Z M Qian, D S Xiao, Y Ke, Q K Liao
American Journal of Physiology. Regulatory, Integrative and Comparative Physiology 2001, 280 (3): R739-43
This study was carried out to investigate the possible role of increased nitric oxide (NO) production in the development of the low iron status in strenuously exercised rats. Female Sprague-Dawley rats were randomly assigned to four groups: sedentary (S1), sedentary + nitro-L-arginine methyl ester (L-NAME; S2), exercise (E1), and exercise + L-NAME (E2). Animals in the E1 and E2 groups swam for 2 h/day for 3 mo. L-NAME in the drinking water (1 mg/ml) was administrated to rats in the S2 and E2 groups for the same period. At the end of third month, hematological indexes and nitrite and nitrate (NOx) contents in the plasma and non-heme iron and NOx levels in the liver, spleen, and bone marrow cells were measured. Three months of exercise induced a significant increase in NOx content and a decrease in iron level both in plasma and tissues. Treatment with L-NAME, an inhibitor of NO synthase (NOS), led to a significant decrease in NOx and an increase in iron level both in plasma and tissues in the exercised rats. The E2 group had a significantly lower NOx content as well as a higher iron level both in plasma and tissues than the E1 group.
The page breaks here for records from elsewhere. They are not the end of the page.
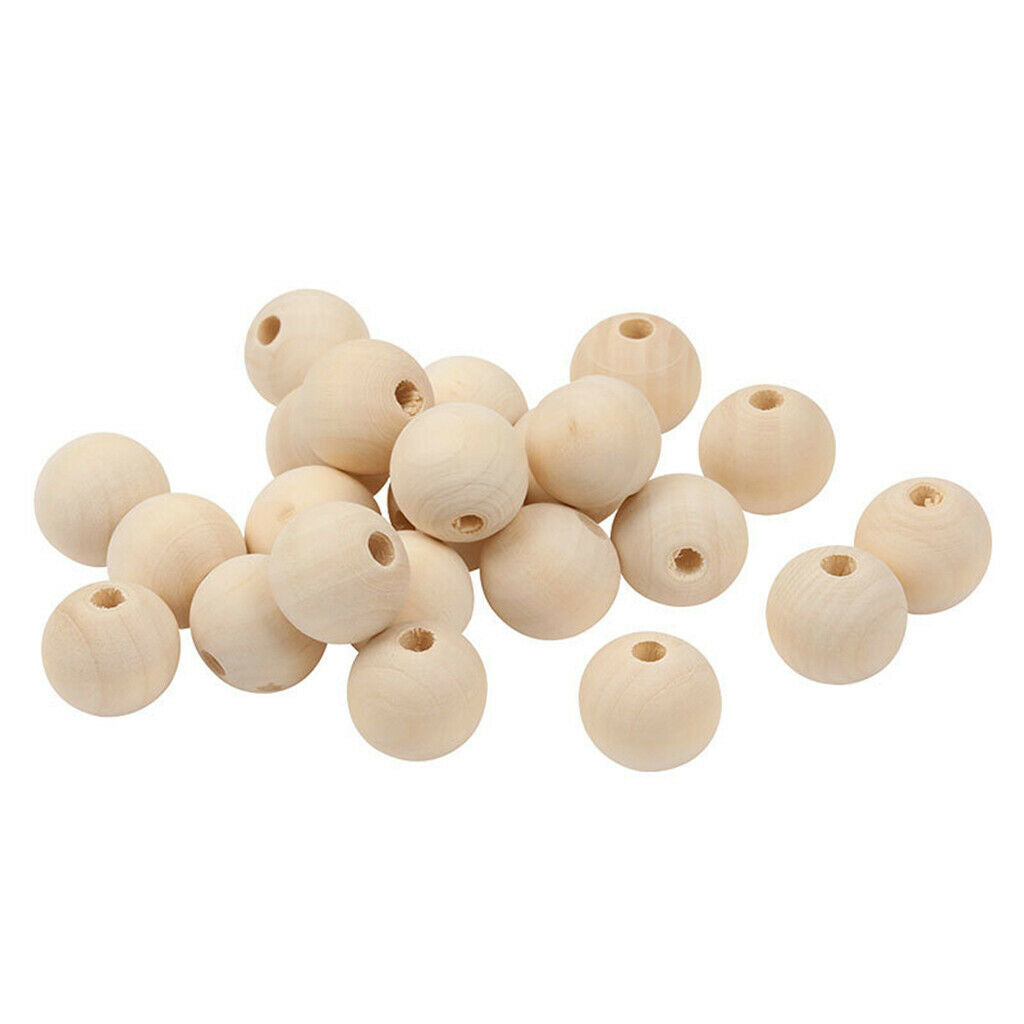 200x Round Wooden Bead Spacer Ball Loose for Making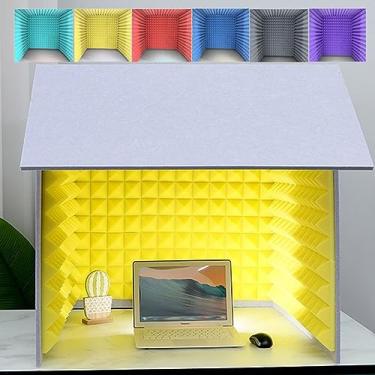 Imagem de Cabine portátil à prova de som, gabinete à prova de som, cubo de isolamento de microfone para gravação de música de estúdio (amarelo)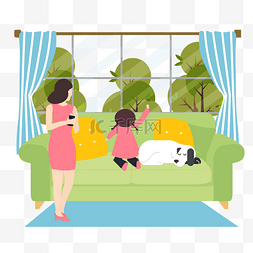 宠物狗室内图片_卡通插画风房间里的母女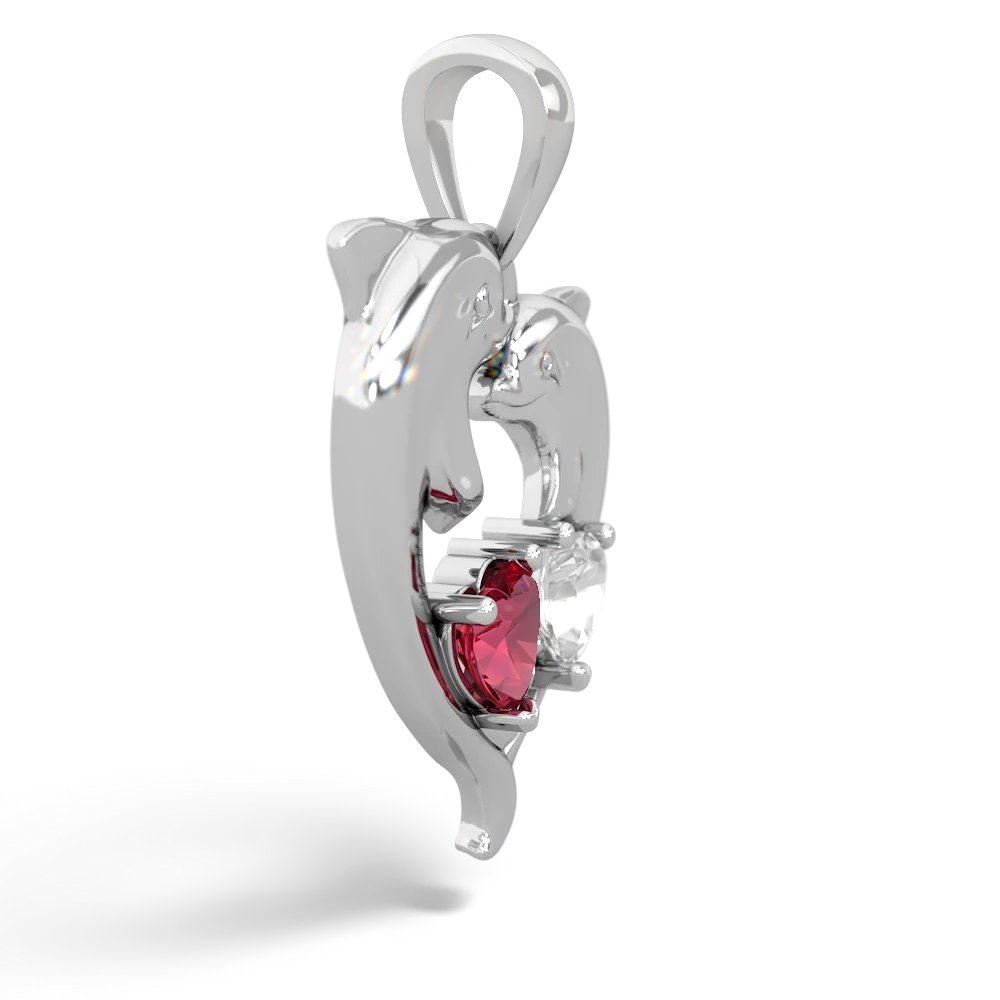 Lab Ruby Dolphin Heart 14K White Gold pendant P5820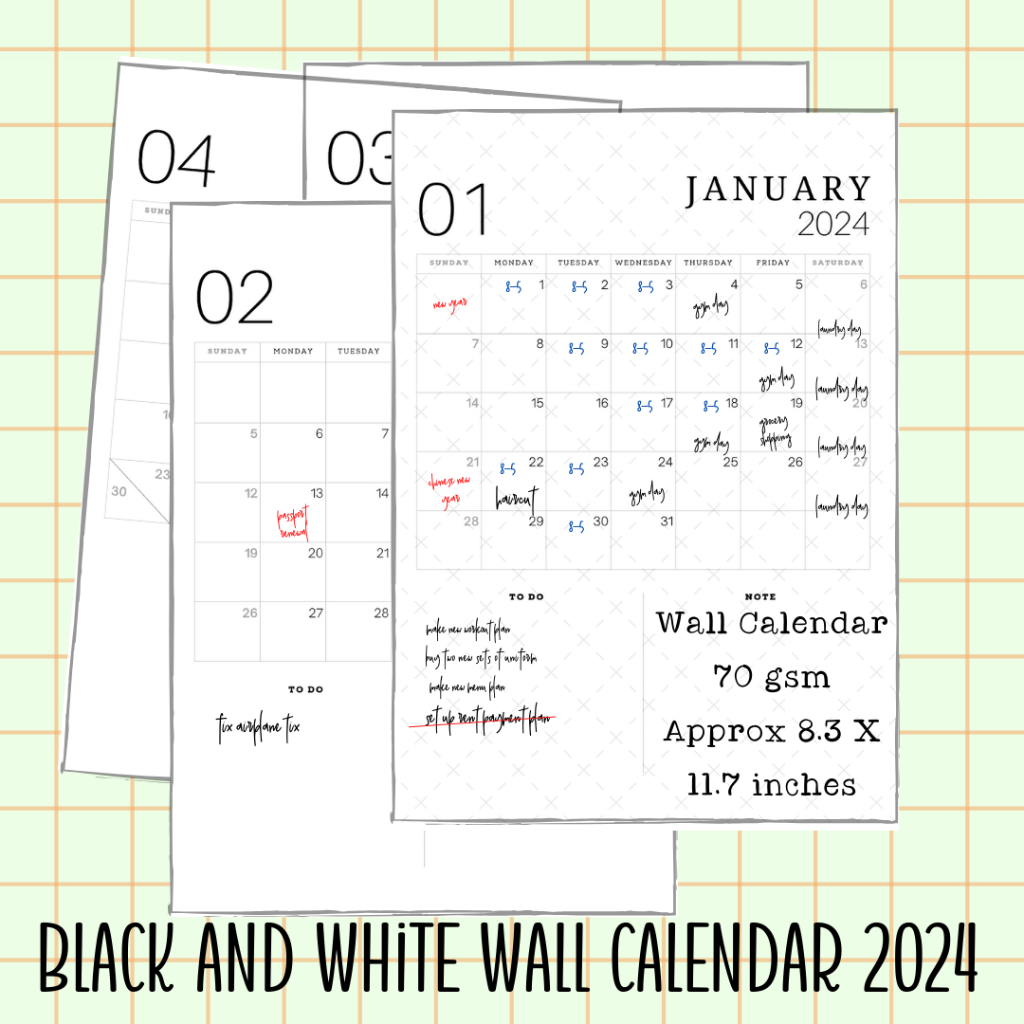 Black and White Wall Calendar 2024 Planner | Shopee Philippines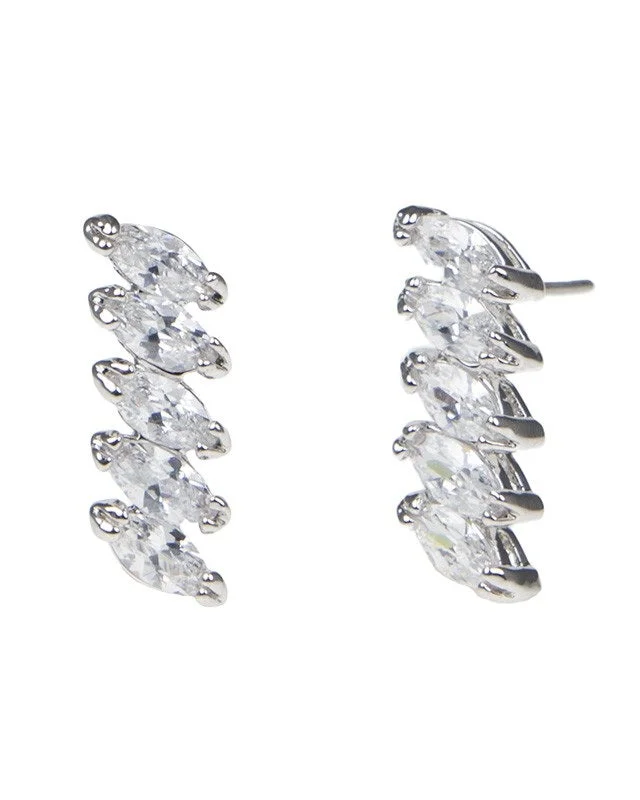 Women’s sapphire earrings-Marquise CZ Linear Earrings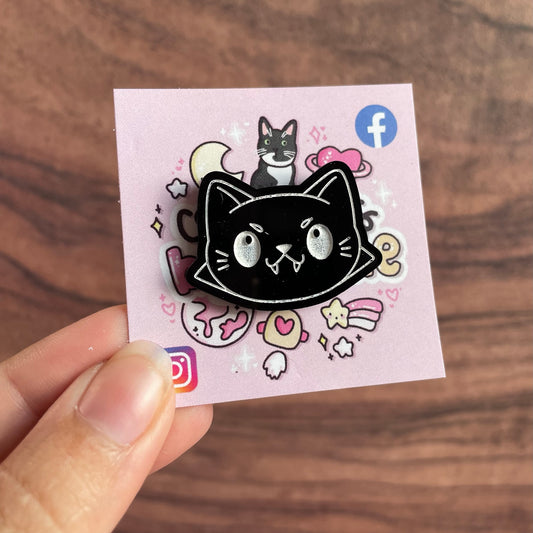 Acrylic Black Vampire Cat Pin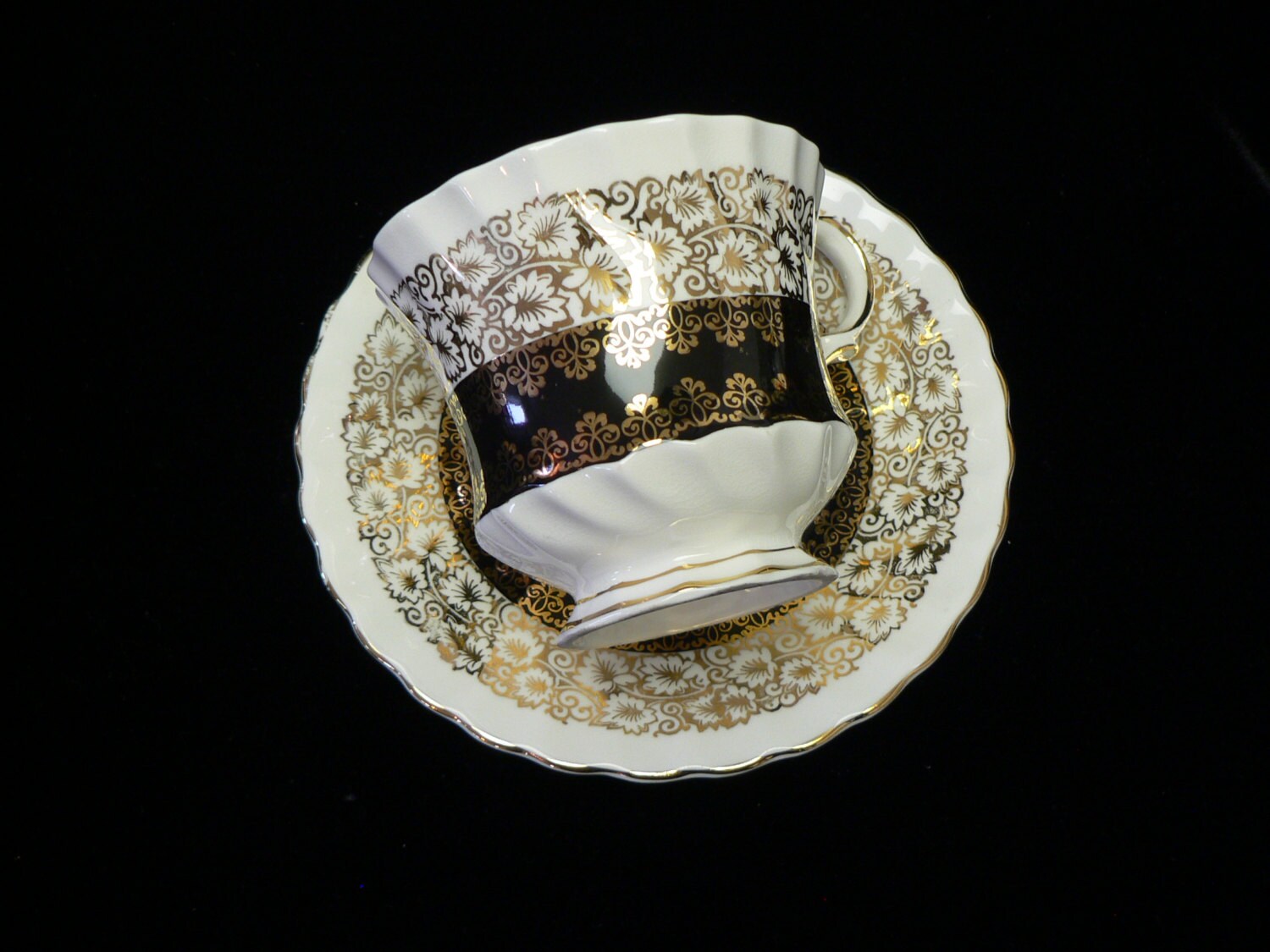 Queen Anne Made in England Fine Bone China Black White and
However, the iron contents in the plasma and tissues of the E2 group were still significantly lower than those found in S1. No difference was found in NOx levels between E2 and S1. These findings showed that exercise was associated with elevation in NOx and reduction in iron in plasma and the tissues. Treatment with L-NAME was able to completely inhibit the effect of exercise on NOx as well as partly recover the decreased iron contents in plasma and tissues resulting from exercise. This suggests that the increased production of NO might be one of the causes of the lower iron status in exercised rats.